──────── MATERIAL PROVIDED ────────
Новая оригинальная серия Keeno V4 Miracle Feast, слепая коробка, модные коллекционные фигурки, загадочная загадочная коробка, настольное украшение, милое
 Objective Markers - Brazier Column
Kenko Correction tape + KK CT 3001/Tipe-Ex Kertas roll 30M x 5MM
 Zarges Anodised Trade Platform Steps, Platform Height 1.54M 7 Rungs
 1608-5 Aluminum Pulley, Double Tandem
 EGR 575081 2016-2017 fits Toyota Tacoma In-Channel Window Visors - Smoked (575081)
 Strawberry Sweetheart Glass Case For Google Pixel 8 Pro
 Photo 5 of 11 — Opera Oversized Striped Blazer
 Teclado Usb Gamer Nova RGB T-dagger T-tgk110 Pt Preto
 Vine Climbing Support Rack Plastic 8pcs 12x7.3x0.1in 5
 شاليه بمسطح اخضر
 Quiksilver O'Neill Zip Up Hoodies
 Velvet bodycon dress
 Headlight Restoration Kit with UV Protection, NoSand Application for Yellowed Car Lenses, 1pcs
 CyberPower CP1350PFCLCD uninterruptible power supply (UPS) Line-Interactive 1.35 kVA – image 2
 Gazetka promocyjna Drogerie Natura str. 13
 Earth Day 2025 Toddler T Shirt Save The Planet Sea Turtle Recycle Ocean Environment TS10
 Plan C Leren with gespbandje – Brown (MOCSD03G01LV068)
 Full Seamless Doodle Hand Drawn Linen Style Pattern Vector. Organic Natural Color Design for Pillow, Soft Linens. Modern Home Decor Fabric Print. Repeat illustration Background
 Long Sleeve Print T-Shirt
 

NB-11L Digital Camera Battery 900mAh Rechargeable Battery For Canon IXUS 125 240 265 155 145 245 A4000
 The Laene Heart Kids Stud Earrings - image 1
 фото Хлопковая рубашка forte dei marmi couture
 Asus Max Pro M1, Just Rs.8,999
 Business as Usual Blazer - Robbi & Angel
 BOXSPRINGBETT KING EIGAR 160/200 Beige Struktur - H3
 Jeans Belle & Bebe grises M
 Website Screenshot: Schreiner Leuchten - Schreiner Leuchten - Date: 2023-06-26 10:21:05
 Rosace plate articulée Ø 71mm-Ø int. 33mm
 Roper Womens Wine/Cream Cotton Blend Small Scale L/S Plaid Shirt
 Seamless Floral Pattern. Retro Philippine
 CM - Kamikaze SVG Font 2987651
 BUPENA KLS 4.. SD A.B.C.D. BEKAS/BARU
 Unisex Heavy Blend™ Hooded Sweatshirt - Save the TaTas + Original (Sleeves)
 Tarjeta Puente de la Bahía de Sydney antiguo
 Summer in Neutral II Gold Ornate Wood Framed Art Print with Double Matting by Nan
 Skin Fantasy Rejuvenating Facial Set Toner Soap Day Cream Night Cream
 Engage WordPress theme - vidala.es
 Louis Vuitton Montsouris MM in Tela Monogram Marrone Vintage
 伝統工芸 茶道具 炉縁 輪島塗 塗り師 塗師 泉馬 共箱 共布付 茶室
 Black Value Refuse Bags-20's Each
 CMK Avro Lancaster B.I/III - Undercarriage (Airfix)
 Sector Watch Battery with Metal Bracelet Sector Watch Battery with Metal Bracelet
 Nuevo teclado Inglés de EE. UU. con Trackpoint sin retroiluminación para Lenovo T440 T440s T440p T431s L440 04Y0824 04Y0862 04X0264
────────
WHAT YOU HAVE TO DO
The records above need copying. Do it exactly.

RESULT OF THE EXERCISE
Новая оригинальная серия Keeno V4 Miracle Feast, слепая коробка, модные коллекционные фигурки, загадочная загадочная коробка, настольное украшение, милое
 Objective Markers - Brazier Column
Kenko Correction tape + KK CT 3001/Tipe-Ex Kertas roll 30M x 5MM
 Zarges Anodised Trade Platform Steps, Platform Height 1.54M 7 Rungs
 1608-5 Aluminum Pulley, Double Tandem
 EGR 575081 2016-2017 fits Toyota Tacoma In-Channel Window Visors - Smoked (575081)
 Strawberry Sweetheart Glass Case For Google Pixel 8 Pro
 Photo 5 of 11 — Opera Oversized Striped Blazer
 Teclado Usb Gamer Nova RGB T-dagger T-tgk110 Pt Preto
 Vine Climbing Support Rack Plastic 8pcs 12x7.3x0.1in 5
 شاليه بمسطح اخضر
 Quiksilver O'Neill Zip Up Hoodies
 Velvet bodycon dress
 Headlight Restoration Kit with UV Protection, NoSand Application for Yellowed Car Lenses, 1pcs
 CyberPower CP1350PFCLCD uninterruptible power supply (UPS) Line-Interactive 1.35 kVA – image 2
 Gazetka promocyjna Drogerie Natura str. 13
 Earth Day 2025 Toddler T Shirt Save The Planet Sea Turtle Recycle Ocean Environment TS10
 Plan C Leren with gespbandje – Brown (MOCSD03G01LV068)
 Full Seamless Doodle Hand Drawn Linen Style Pattern Vector. Organic Natural Color Design for Pillow, Soft Linens. Modern Home Decor Fabric Print. Repeat illustration Background
 Long Sleeve Print T-Shirt
 

NB-11L Digital Camera Battery 900mAh Rechargeable Battery For Canon IXUS 125 240 265 155 145 245 A4000
 The Laene Heart Kids Stud Earrings - image 1
 фото Хлопковая рубашка forte dei marmi couture
 Asus Max Pro M1, Just Rs.8,999
 Business as Usual Blazer - Robbi & Angel
 BOXSPRINGBETT KING EIGAR 160/200 Beige Struktur - H3
 Jeans Belle & Bebe grises M
 Website Screenshot: Schreiner Leuchten - Schreiner Leuchten - Date: 2023-06-26 10:21:05
 Rosace plate articulée Ø 71mm-Ø int. 33mm
 Roper Womens Wine/Cream Cotton Blend Small Scale L/S Plaid Shirt
 Seamless Floral Pattern. Retro Philippine
 CM - Kamikaze SVG Font 2987651
 BUPENA KLS 4.. SD A.B.C.D. BEKAS/BARU
 Unisex Heavy Blend™ Hooded Sweatshirt - Save the TaTas + Original (Sleeves)
 Tarjeta Puente de la Bahía de Sydney antiguo
 Summer in Neutral II Gold Ornate Wood Framed Art Print with Double Matting by Nan
 Skin Fantasy Rejuvenating Facial Set Toner Soap Day Cream Night Cream
 Engage WordPress theme - vidala.es
 Louis Vuitton Montsouris MM in Tela Monogram Marrone Vintage
 伝統工芸 茶道具 炉縁 輪島塗 塗り師 塗師 泉馬 共箱 共布付 茶室
 Black Value Refuse Bags-20's Each
 CMK Avro Lancaster B.I/III - Undercarriage (Airfix)
 Sector Watch Battery with Metal Bracelet Sector Watch Battery with Metal Bracelet
 Nuevo teclado Inglés de EE. UU. con Trackpoint sin retroiluminación para Lenovo T440 T440s T440p T431s L440 04Y0824 04Y0862 04X0264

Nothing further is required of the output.